EXERCISE MATERIAL:
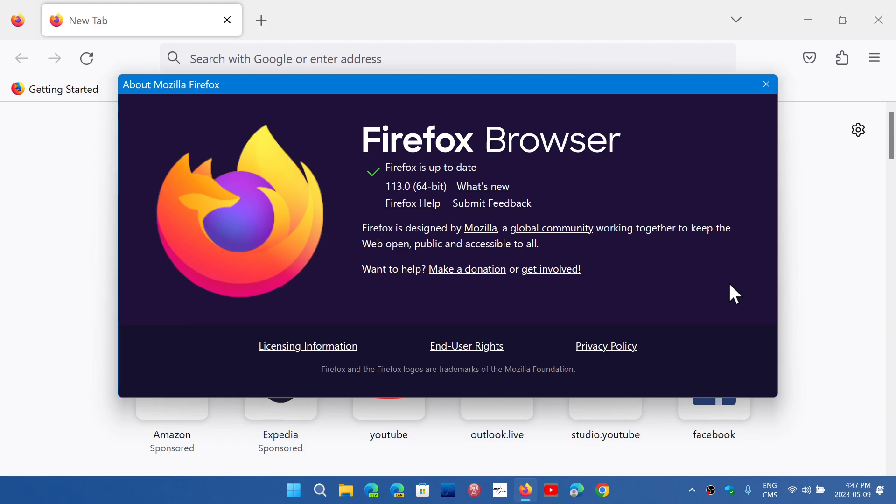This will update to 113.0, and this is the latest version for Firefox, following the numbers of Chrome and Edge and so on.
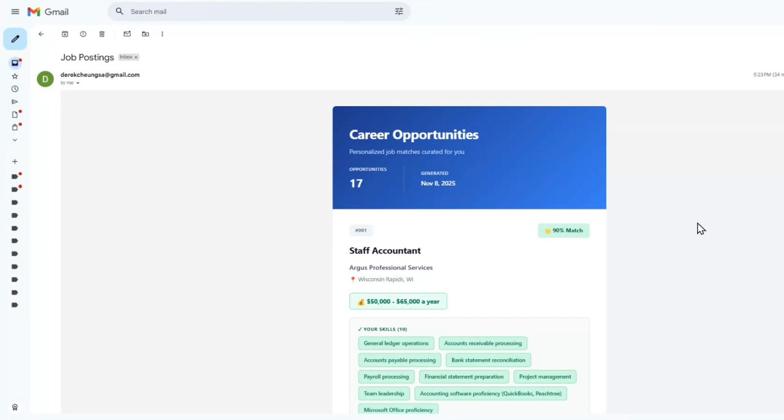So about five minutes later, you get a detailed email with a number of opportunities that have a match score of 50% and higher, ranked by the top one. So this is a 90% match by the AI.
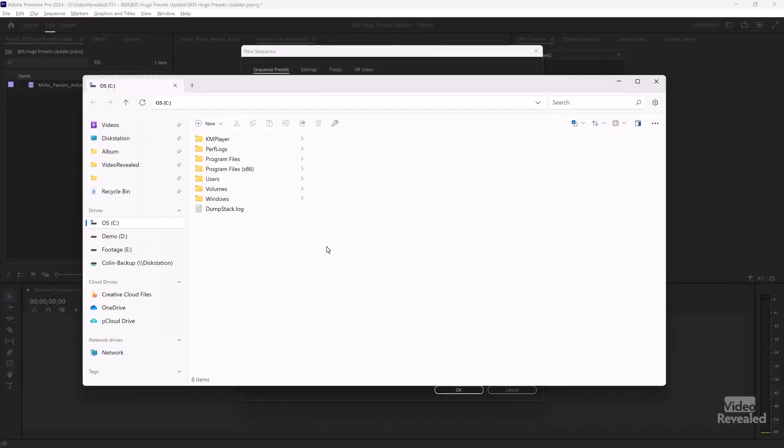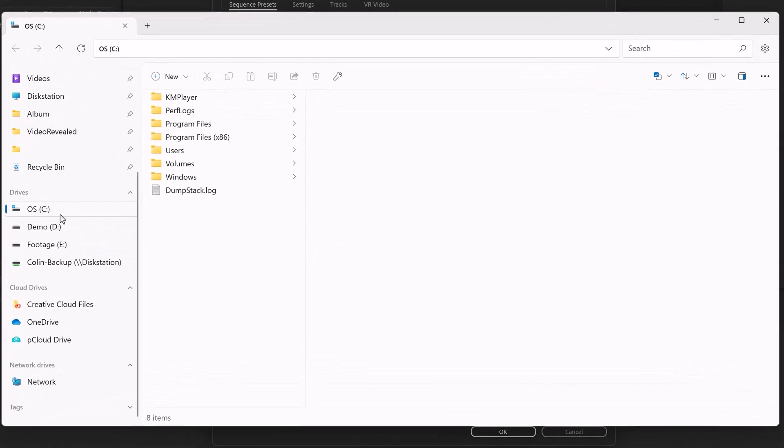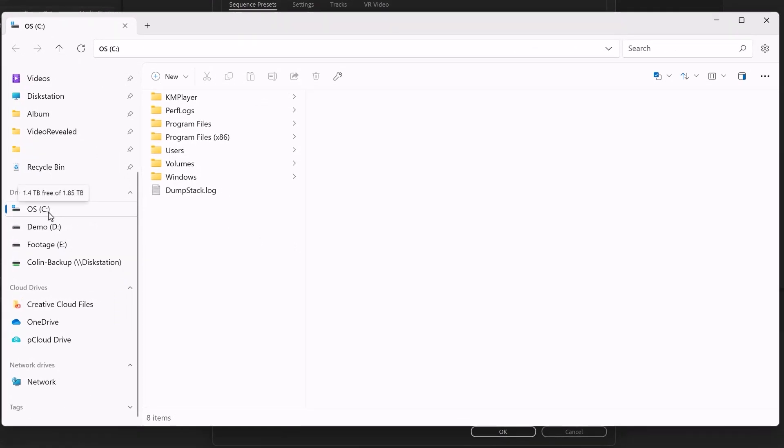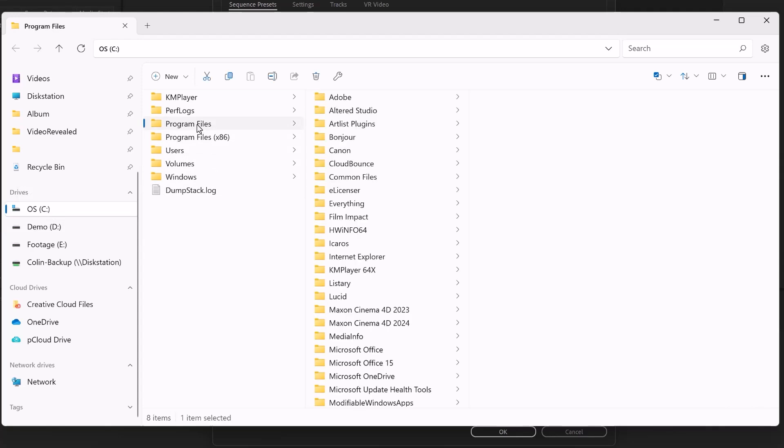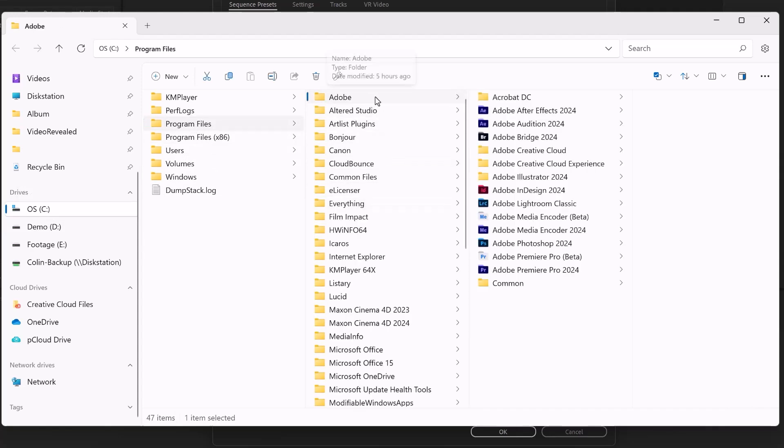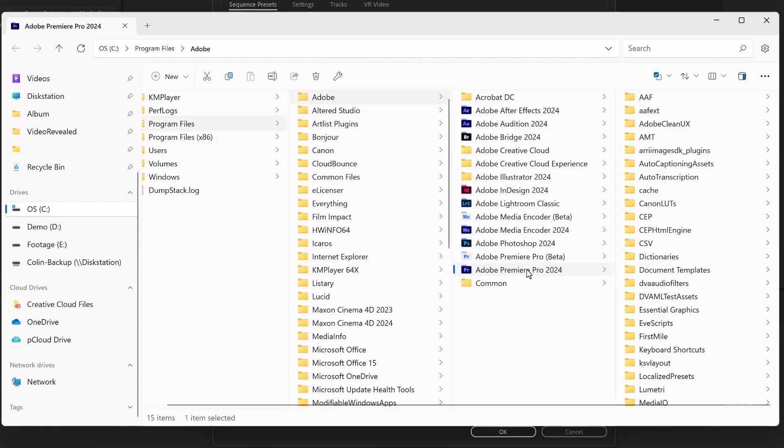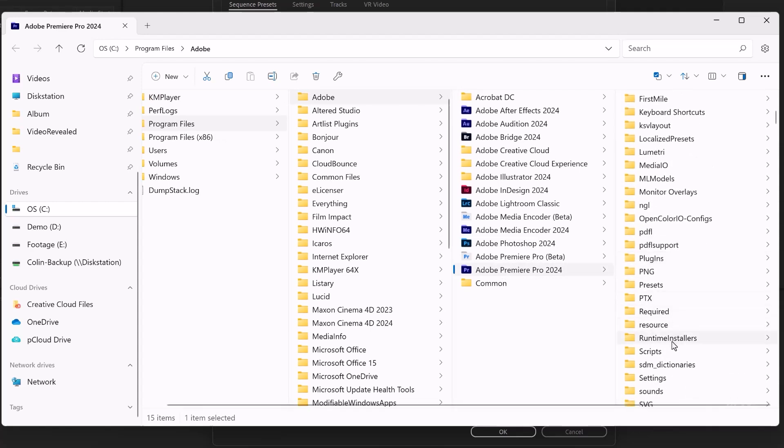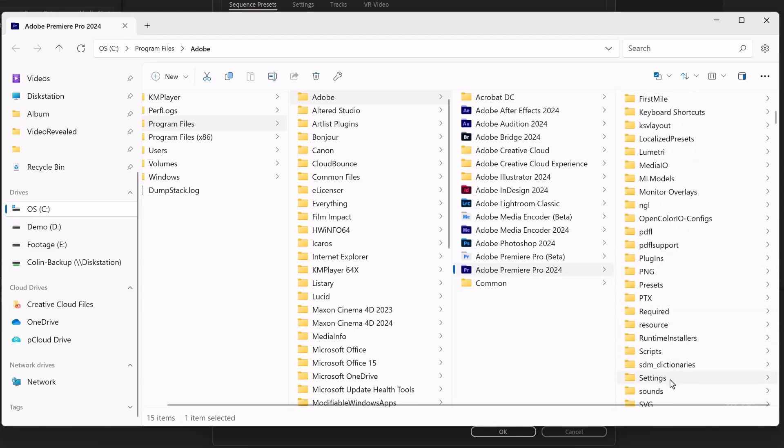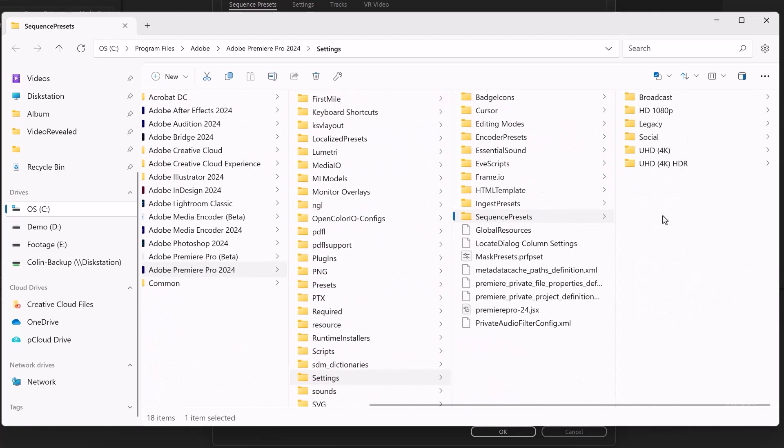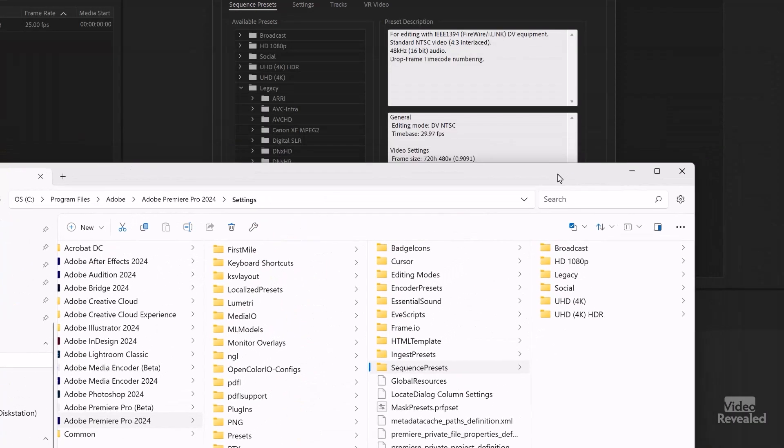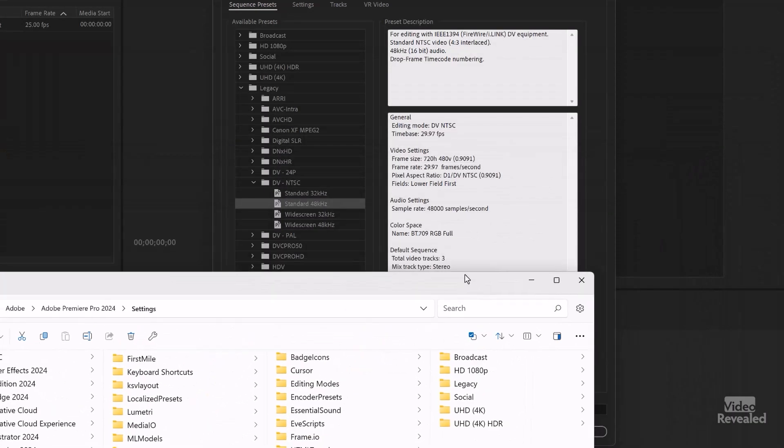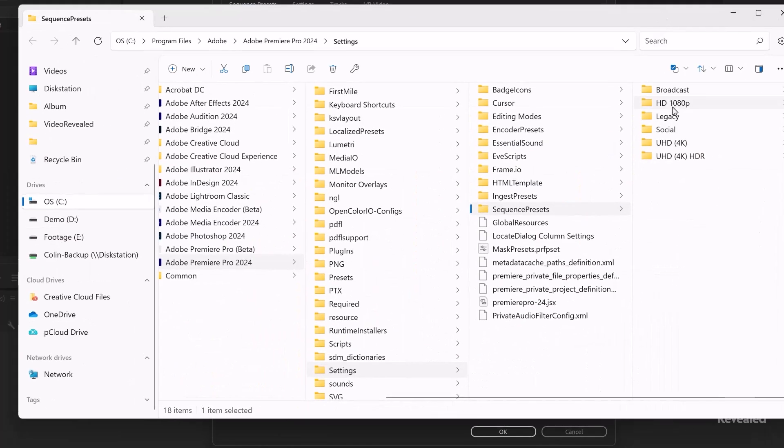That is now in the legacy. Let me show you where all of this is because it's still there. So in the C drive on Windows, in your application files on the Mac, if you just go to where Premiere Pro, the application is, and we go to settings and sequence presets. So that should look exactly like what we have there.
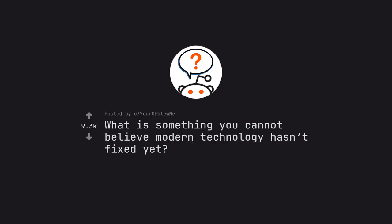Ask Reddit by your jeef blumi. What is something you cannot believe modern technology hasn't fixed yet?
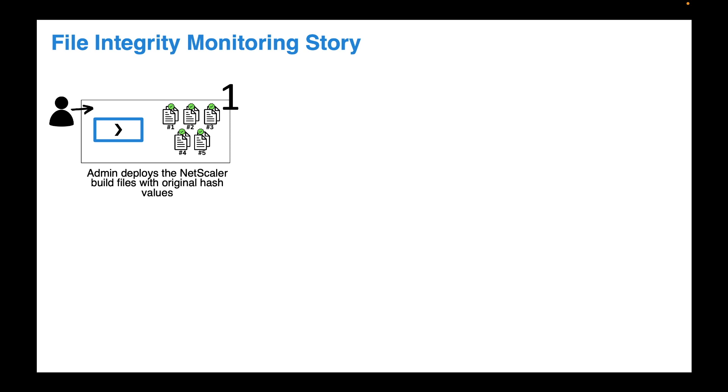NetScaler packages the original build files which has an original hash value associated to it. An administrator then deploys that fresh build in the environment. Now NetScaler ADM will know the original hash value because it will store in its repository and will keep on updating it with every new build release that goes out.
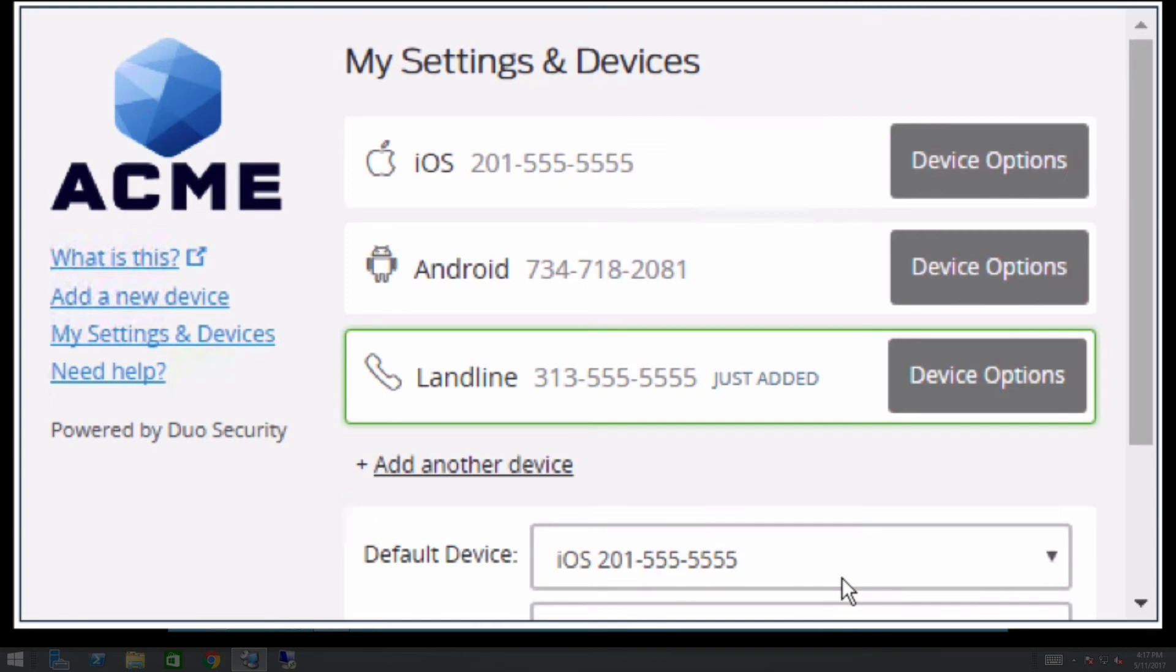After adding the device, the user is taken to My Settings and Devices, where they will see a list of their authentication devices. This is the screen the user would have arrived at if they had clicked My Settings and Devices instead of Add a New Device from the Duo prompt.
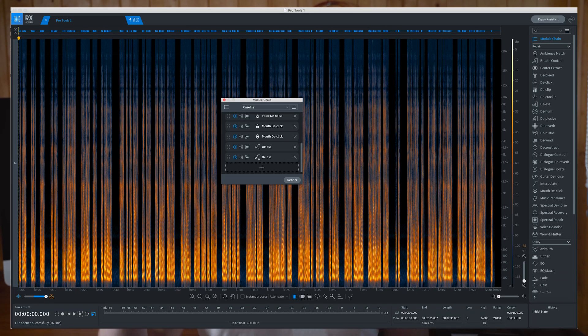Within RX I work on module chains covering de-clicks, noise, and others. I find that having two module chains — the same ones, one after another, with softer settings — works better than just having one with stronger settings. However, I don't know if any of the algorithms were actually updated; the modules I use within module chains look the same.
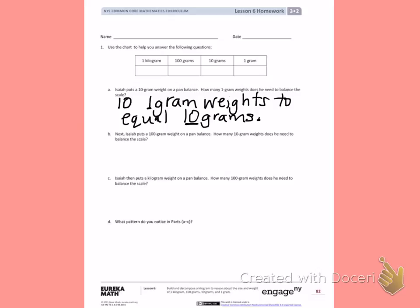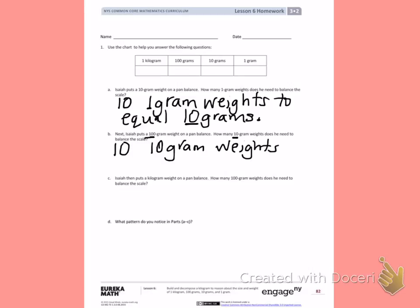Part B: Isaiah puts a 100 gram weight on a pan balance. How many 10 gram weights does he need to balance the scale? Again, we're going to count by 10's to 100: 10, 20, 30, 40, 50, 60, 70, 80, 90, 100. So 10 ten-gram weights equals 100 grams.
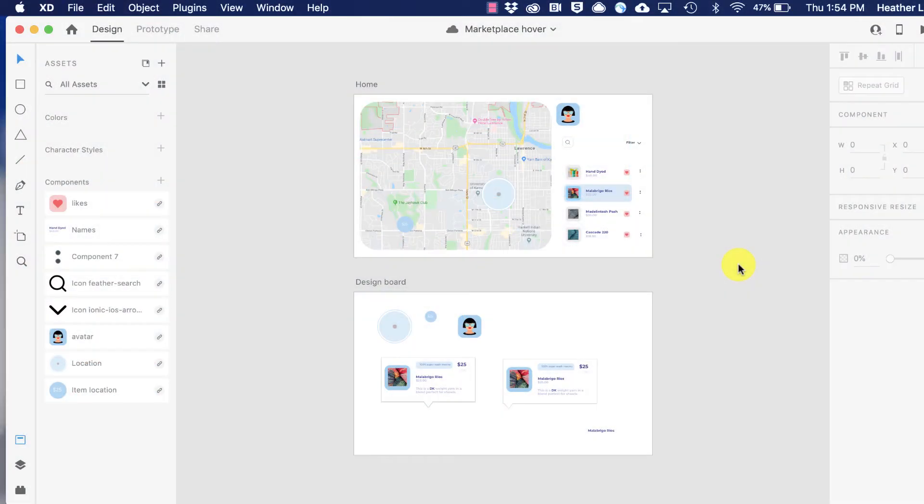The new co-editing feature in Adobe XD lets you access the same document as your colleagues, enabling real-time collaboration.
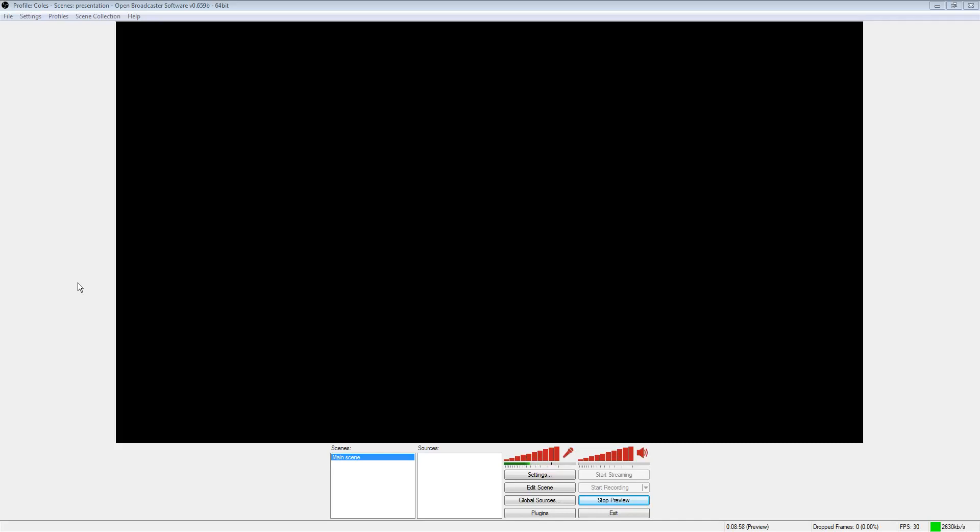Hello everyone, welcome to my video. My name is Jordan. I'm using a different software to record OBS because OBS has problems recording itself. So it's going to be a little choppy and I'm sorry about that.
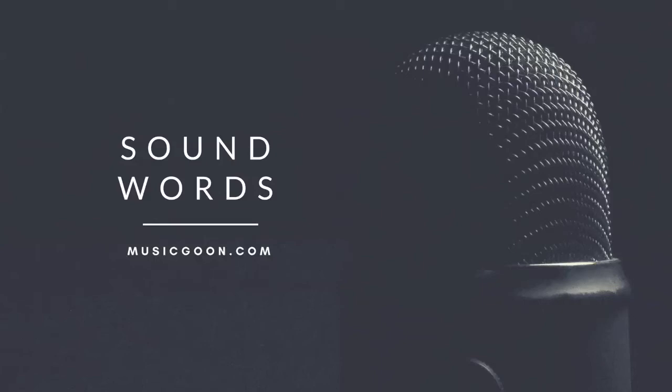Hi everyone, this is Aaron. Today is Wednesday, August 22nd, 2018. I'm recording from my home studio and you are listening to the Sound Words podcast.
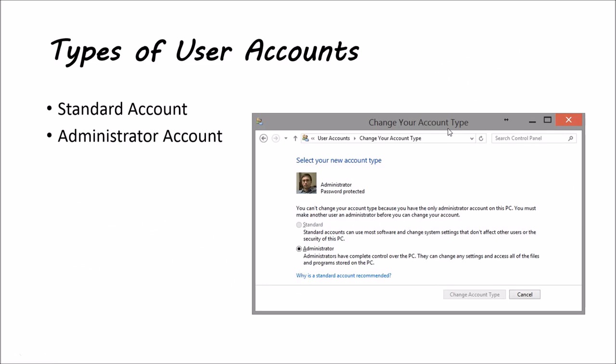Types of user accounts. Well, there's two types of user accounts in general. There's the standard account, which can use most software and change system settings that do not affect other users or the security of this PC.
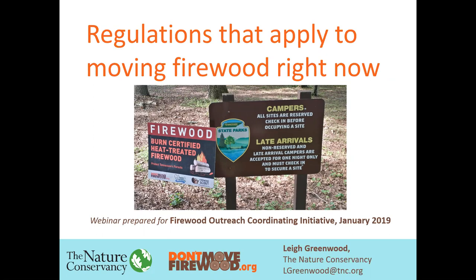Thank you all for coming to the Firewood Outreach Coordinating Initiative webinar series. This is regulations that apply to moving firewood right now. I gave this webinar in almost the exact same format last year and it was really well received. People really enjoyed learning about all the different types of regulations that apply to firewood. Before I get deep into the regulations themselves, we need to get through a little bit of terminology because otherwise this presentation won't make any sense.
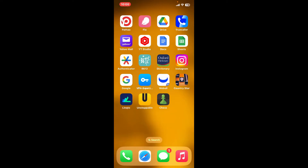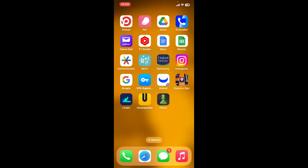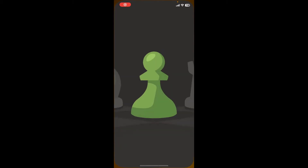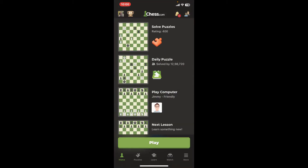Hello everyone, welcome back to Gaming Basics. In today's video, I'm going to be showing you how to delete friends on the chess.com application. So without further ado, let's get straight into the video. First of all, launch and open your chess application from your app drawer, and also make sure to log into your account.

EXERCISE GOAL:
Skip the pictures and restate exactly the lines from the beginning of the listing to the line with "Ask Reddit by", that line included.

TASK OUTPUT:
This will update to 113.0, and this is the latest version for Firefox, following the numbers of Chrome and Edge and so on.
So about five minutes later, you get a detailed email with a number of opportunities that have a match score of 50% and higher, ranked by the top one. So this is a 90% match by the AI.
That is now in the legacy. Let me show you where all of this is because it's still there. So in the C drive on Windows, in your application files on the Mac, if you just go to where Premiere Pro, the application is, and we go to settings and sequence presets. So that should look exactly like what we have there.
Ask Reddit by your jeef blumi. What is something you cannot believe modern technology hasn't fixed yet?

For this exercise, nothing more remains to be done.